Figure 5. SMYD3 forms a positive feedback loop with IGF-1R/AKT/E2F-1 axis. (A) Western blot analysis of E2F-1 and IGF-1R protein expression in T24 cells 48 h post transfected with indicated vectors and treated with LY294002 (20μmol/L). (B) Schematic presentation of putative E2F-1–binding domains in the 5' flanking region of SMYD3. Reporter vector contained either wild type (SMYD3-P#1 WT) or mutant (SMYD3-P#1mt) E2F-1–binding sequences. +1: transcription start site. (C) A model of a positive feedback loop, involving SMYD3, IGF-1R and E2F-1, that sustains AKT activation, promotes BC development and progression. (D) qPCR and Western blot analysis of SMYD3 expression in 5637 and T24 cells transfected with E2F-1 siRNAs or control siRNA. Bars: SD. Wilcoxon signed-rank tests for the paired samples were used to calculate the two-sided P values based on six independent transfections. ** P < 0.01. (E) E2F-1 siRNA were co-transfected with WT SMYD3-P#1 into 5637 and T24 cells. Luciferase activity assay was performed 48 hours after transfection. Six independent transfections were performed. Bar: SD. A Wilcoxon signed-rank test for the paired samples was used to calculate the two-sided P value. (F) WT, E2F-1 motif mutant, or truncated SMYD3 promoter activity in 5637 or T24 cells. Three independent experiments were performed in triplicates. Bar: SD. A Wilcoxon signed-rank test for the paired samples was used to calculate the two-sided P value. (G) Quantitative chromatin immunoprecipitation (ChIP) assay forE2F-1 occupancy at the SMYD3 promoter in 5637(left) or T24 (right) cells treated with the E2F-1 siRNA or control siRNA).

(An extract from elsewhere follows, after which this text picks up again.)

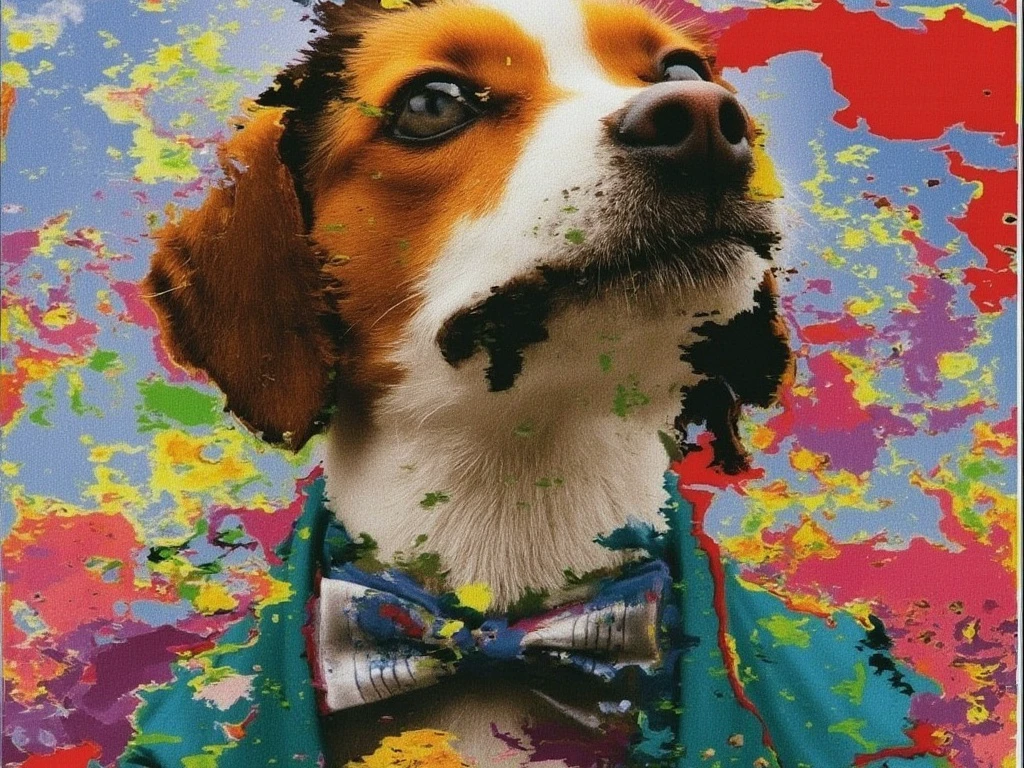 Scanographyart A dog with a bowtie and a formal attire. in this surreal vibrating scene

Omission of antibodies (No Ab) was included in the whole experimental procedure, together with the PCR amplification of unrelated GAPDH gene, as appropriate controls. Data shown are from four independent transfections. Mean values of ChIP signals are normalized to 1% input. Input control was from non-immunoprecipitated total chromatin DNA. Bar: SD. Mann–Whitney U tests were used to calculate the two-sided P values. (H) The correlation among concurrent immunostaining scores of SMYD3, E2F-1, p-IGF-1R and p-AKT in BC tissues. The Spearman test was used in analyzing the correlation.